I doubt, too, that what I’ve learned recently would convince all those Southerners who regard ‘the North’ as a backward state to accept that we actually do have more that defines us than flat caps, black pudding and whippets.
It may, however, go some way towards proving that everything is not quite as grim up North as some people clearly think.
You might be wondering what this research could possibly be. Some major new report by an influential think tank perhaps? A thought-provoking survey by a major campaign group or charity?
Well, actually, it was an unsolicited press release from a garden furniture company which dropped into my inbox. Normally, I would just glance at it and move on, but this one caught my eye.
In a courageous attempt to connect the start of spring with the urge to buy new steamer chairs – I think – the company had come up with an interesting line of research which proves that Yorkshire and the Humber is one of the most wildlife-friendly regions in the UK.
And what was even more interesting (to me, at least) was the fact that Barnsley, my home town, all too often in the news for entirely the wrong reasons, is the friendliest of all to our feathered and furry friends, plants, insects, fish and even worms.
At the latest count there are almost 2,000 (1,778) different species recorded across the borough including skylarks, eels and red squirrels. Our record is followed closely by Bradford, which has 1,550 varieties including 419 different kinds of insects, 130 types of birds, 19 wild mammals and 15 sorts of fish.
The next time you’re stuck in a lift with a Southerner with massive preconceptions, trot out these figures and watch their face fall.
Once you have left them puzzling, you could then compose a spirited defence of our great towns and cities. This might involve a brief history of the Industrial Revolution and the transport networks which brought exotic seeds from all over the world to our roadsides, rivers and canals. You could finish up with the sterling work which has gone on in more recent times to return industry-scarred landscapes to their natural state.
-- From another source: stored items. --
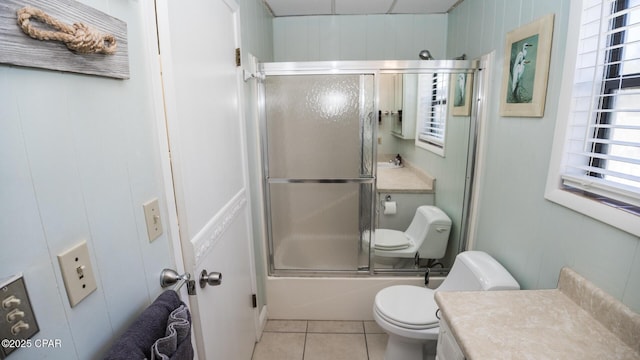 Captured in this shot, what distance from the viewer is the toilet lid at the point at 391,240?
2.36 meters

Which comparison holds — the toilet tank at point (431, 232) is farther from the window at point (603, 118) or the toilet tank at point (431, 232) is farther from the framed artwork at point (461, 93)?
the window at point (603, 118)

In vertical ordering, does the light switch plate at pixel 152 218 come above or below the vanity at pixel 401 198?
above

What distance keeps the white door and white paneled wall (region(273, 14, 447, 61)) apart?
3.72ft

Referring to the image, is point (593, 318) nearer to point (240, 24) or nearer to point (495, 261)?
point (495, 261)

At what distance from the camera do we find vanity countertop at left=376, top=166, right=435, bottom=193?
2428 millimetres

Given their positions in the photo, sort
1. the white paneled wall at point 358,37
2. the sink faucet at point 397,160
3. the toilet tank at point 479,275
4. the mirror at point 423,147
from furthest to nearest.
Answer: the sink faucet at point 397,160 → the white paneled wall at point 358,37 → the mirror at point 423,147 → the toilet tank at point 479,275

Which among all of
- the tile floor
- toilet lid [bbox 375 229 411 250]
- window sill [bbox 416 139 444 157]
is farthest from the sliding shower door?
window sill [bbox 416 139 444 157]

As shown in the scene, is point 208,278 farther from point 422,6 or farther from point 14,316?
point 422,6

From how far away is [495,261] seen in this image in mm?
1624

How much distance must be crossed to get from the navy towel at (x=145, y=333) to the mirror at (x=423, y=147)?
1680 millimetres

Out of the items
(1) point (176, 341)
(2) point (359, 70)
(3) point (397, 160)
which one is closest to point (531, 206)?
(2) point (359, 70)

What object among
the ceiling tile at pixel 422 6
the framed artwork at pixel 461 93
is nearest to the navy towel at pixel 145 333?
the framed artwork at pixel 461 93

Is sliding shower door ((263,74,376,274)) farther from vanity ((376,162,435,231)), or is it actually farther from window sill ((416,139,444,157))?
window sill ((416,139,444,157))

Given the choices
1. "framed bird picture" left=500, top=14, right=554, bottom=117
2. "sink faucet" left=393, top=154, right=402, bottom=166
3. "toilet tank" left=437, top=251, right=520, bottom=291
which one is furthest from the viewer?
"sink faucet" left=393, top=154, right=402, bottom=166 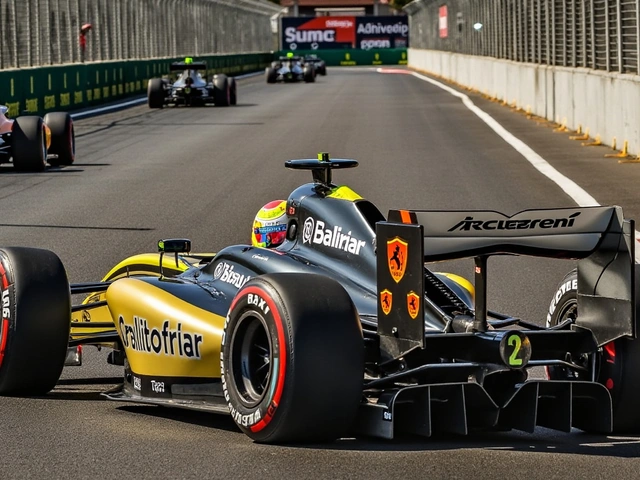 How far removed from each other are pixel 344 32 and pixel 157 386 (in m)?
120

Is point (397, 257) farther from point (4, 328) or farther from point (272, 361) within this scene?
point (4, 328)

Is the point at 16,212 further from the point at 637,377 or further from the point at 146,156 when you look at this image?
the point at 637,377

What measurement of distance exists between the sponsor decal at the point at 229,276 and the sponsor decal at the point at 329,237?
0.33m

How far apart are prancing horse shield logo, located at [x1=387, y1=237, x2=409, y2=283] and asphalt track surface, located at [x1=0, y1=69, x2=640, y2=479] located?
0.63m

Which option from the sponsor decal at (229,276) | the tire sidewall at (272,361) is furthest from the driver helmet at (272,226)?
the tire sidewall at (272,361)

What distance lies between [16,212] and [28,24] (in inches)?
838

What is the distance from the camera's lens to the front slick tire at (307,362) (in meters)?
5.19

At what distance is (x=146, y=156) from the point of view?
76.9ft

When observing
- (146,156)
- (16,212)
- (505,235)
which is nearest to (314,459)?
(505,235)

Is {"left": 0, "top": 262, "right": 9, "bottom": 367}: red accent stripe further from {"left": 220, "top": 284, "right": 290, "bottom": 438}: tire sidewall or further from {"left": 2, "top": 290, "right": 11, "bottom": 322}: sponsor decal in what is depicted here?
{"left": 220, "top": 284, "right": 290, "bottom": 438}: tire sidewall

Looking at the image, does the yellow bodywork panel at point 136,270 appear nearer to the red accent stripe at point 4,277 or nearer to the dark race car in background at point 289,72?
the red accent stripe at point 4,277

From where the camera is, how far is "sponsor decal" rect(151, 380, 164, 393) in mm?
6277

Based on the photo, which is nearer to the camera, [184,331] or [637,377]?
[637,377]

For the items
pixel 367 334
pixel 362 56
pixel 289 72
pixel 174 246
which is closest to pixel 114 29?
pixel 289 72
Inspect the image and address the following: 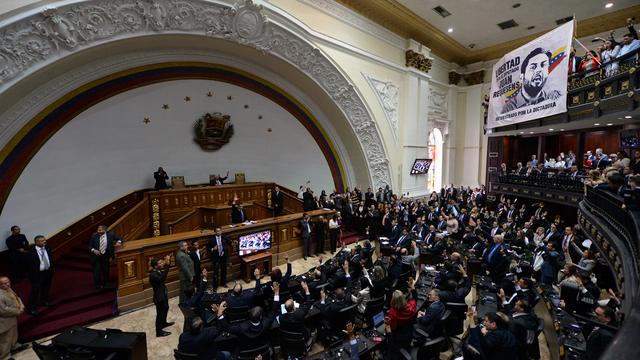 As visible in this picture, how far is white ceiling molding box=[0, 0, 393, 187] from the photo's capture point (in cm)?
608

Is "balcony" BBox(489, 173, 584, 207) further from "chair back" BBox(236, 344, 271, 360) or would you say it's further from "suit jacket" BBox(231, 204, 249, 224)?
"chair back" BBox(236, 344, 271, 360)

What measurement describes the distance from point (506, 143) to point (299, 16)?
13.6 meters

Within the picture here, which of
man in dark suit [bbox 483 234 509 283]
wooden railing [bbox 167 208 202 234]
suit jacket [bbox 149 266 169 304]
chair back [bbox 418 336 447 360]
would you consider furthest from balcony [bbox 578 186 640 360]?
wooden railing [bbox 167 208 202 234]

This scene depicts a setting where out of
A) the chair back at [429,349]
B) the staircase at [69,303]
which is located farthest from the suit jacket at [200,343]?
the staircase at [69,303]

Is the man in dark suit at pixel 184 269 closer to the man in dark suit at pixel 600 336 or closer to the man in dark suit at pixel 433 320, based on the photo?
the man in dark suit at pixel 433 320

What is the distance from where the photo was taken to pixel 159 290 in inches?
196

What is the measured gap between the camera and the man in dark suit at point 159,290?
490cm

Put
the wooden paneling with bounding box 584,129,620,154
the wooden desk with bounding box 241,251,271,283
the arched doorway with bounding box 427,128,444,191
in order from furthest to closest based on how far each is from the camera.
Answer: the arched doorway with bounding box 427,128,444,191
the wooden paneling with bounding box 584,129,620,154
the wooden desk with bounding box 241,251,271,283

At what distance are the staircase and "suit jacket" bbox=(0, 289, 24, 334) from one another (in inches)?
29.8

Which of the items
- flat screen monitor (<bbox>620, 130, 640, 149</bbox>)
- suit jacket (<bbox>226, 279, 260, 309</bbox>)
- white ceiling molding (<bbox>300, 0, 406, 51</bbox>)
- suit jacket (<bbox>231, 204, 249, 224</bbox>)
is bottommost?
suit jacket (<bbox>226, 279, 260, 309</bbox>)

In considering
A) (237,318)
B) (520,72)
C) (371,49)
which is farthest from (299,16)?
(237,318)

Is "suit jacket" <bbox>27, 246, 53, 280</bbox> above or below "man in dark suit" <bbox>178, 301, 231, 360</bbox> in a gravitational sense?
above

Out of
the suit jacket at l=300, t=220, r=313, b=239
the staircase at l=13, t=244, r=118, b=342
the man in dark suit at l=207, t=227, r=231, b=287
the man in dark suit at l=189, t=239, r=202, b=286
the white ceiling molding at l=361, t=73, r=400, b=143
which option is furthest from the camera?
the white ceiling molding at l=361, t=73, r=400, b=143

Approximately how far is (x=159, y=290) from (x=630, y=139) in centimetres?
1419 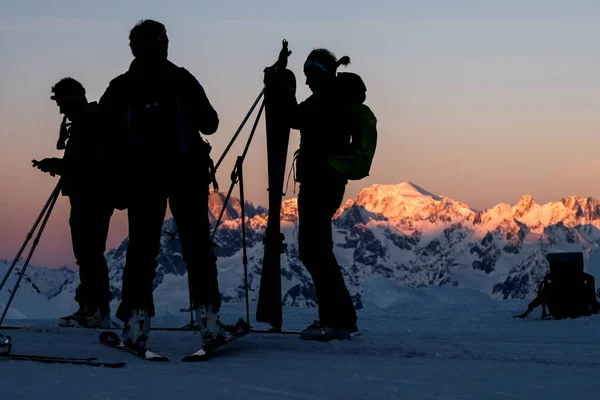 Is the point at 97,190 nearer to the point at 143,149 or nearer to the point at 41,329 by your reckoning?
the point at 41,329

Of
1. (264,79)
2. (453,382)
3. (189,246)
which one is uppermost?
(264,79)

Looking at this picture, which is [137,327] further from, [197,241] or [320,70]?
[320,70]

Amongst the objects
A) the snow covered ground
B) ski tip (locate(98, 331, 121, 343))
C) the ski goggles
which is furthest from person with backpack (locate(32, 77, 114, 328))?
the ski goggles

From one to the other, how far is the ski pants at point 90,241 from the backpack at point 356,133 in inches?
131

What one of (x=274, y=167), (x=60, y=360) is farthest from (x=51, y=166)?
(x=60, y=360)

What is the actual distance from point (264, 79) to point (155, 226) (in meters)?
2.17

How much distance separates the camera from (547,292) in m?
13.3

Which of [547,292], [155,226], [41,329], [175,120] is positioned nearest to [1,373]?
[155,226]

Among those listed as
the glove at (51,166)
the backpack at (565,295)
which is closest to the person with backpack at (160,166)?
the glove at (51,166)

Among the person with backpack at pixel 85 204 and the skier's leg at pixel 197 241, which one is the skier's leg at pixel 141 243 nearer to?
the skier's leg at pixel 197 241

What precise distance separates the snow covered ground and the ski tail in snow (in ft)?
1.43

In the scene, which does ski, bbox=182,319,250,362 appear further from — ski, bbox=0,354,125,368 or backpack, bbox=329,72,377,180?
backpack, bbox=329,72,377,180

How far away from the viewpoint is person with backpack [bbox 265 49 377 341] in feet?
26.9

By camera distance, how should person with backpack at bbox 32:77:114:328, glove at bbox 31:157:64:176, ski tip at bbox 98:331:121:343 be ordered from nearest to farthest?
1. ski tip at bbox 98:331:121:343
2. glove at bbox 31:157:64:176
3. person with backpack at bbox 32:77:114:328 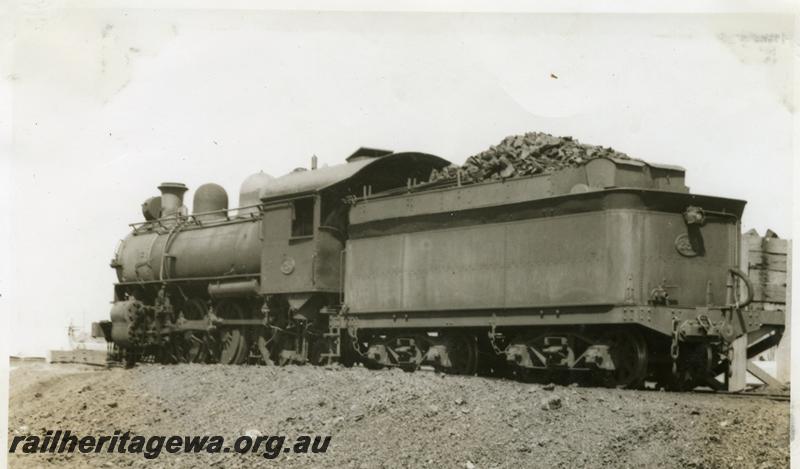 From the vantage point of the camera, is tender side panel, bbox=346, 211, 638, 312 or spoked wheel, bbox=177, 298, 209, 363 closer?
tender side panel, bbox=346, 211, 638, 312

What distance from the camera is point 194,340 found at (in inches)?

You could also perhaps remind them that the South of England may dominate the national agenda, but it does not have the prerogative on the natural world. Some of the most glorious landscapes in the United Kingdom are here on our doorstep, from the rolling hills of the Yorkshire Dales to the endless skies of the Wolds.
That’s one of the reasons why, according to Welcome to Yorkshire, our tourism industry is worth £8bn and is such a huge driver of employment for our region. It’s also a massive justification for the economic case for One Yorkshire.
Perhaps sometimes we are guilty of taking the beauty which surrounds us for granted. Or never stopping to think for a minute and breathe it all in. Even our busiest urban areas are richer in wildlife, birds and plants than you might imagine.
Random as this may sound, the company hadn’t just made this up to try and sell a few outdoor tables and chairs. The data was taken from NBN Atlas, said to be Britain’s ‘largest collection of biodiversity information’.
It’s run by the National Biodiversity Network, a collaboration which brings together more than 200 charities, voluntary groups and conservation organisations, dedicated to researching and recording nature, and it’s backed by central government and local councils.
What is really fascinating, however, is that you can tap in anywhere in the country on its website – the NBN Atlas also covers Wales, Scotland and the Isle of Man – and find how many species are sharing your neighbourhood space. In fact, you can waste entire mornings comparing Death’s Head Hawk Moths with Prickly Snails.
The NBN’s aim is to educate us about the natural world, and its interactive online map is a tremendous resource. Not just because it is pleasing to see how rich and diverse our urban and rural landscapes are, but because it gives a picture of what our region really is about.
After all, if we are asking others to understand us, we must first learn to understand ourselves. This process is about more than just politics, transport or business opportunities. It’s about the formation of our landscape, the way we share our space with other living, breathing things and indeed, life itself. It doesn’t come more important than that.